Content starts

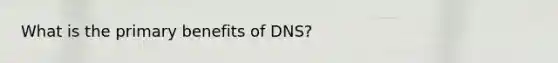 What is the primary benefits of DNS?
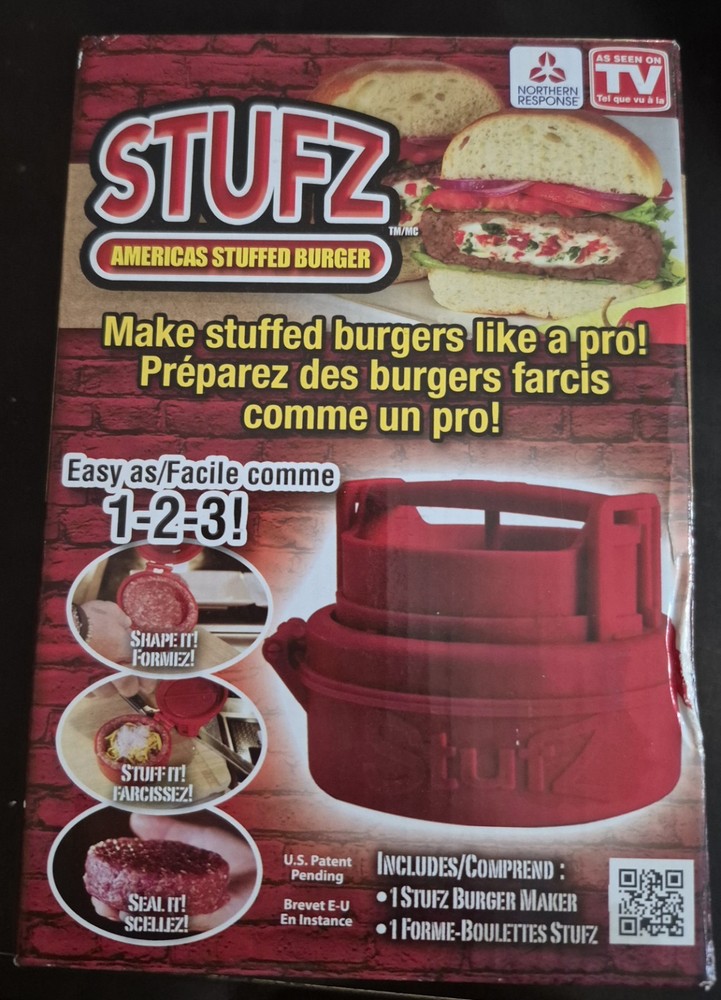 Stufz Stuffed Burger Press - Hamburger Patty Maker - As Seen On TV. BRAND NEW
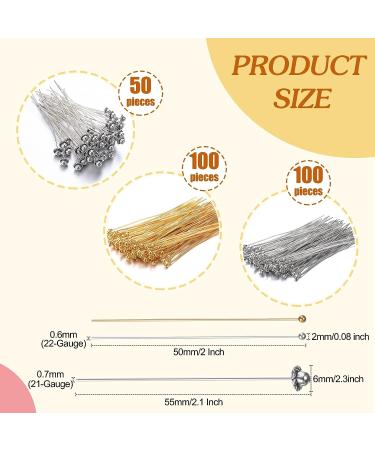 250-Piece Head Pin Set for Jewelry Making - 200x 2 22 Gauge Ball Head Stick Pins, 50x 2.1 21 Gauge Antique Silver Headpins for Earrings Crafts - Buy Online on GoSupps.com
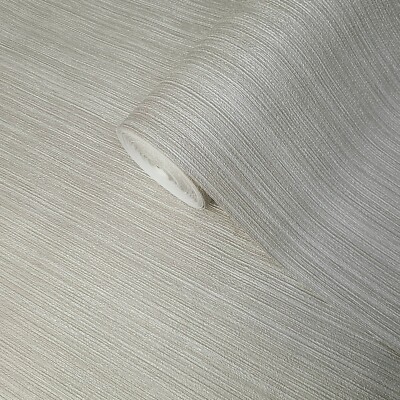 Striped Contemporary Taupe tan damask faux fabric textured lines Wallpaper rolls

Content ends

__Goal of the exercise__
Once the images are removed, print the remaining data exactly as it appears above.

__Your response__
 What is the primary benefits of DNS?
 Stufz Stuffed Burger Press - Hamburger Patty Maker - As Seen On TV. BRAND NEW
 250-Piece Head Pin Set for Jewelry Making - 200x 2 22 Gauge Ball Head Stick Pins, 50x 2.1 21 Gauge Antique Silver Headpins for Earrings Crafts - Buy Online on GoSupps.com
 Striped Contemporary Taupe tan damask faux fabric textured lines Wallpaper rolls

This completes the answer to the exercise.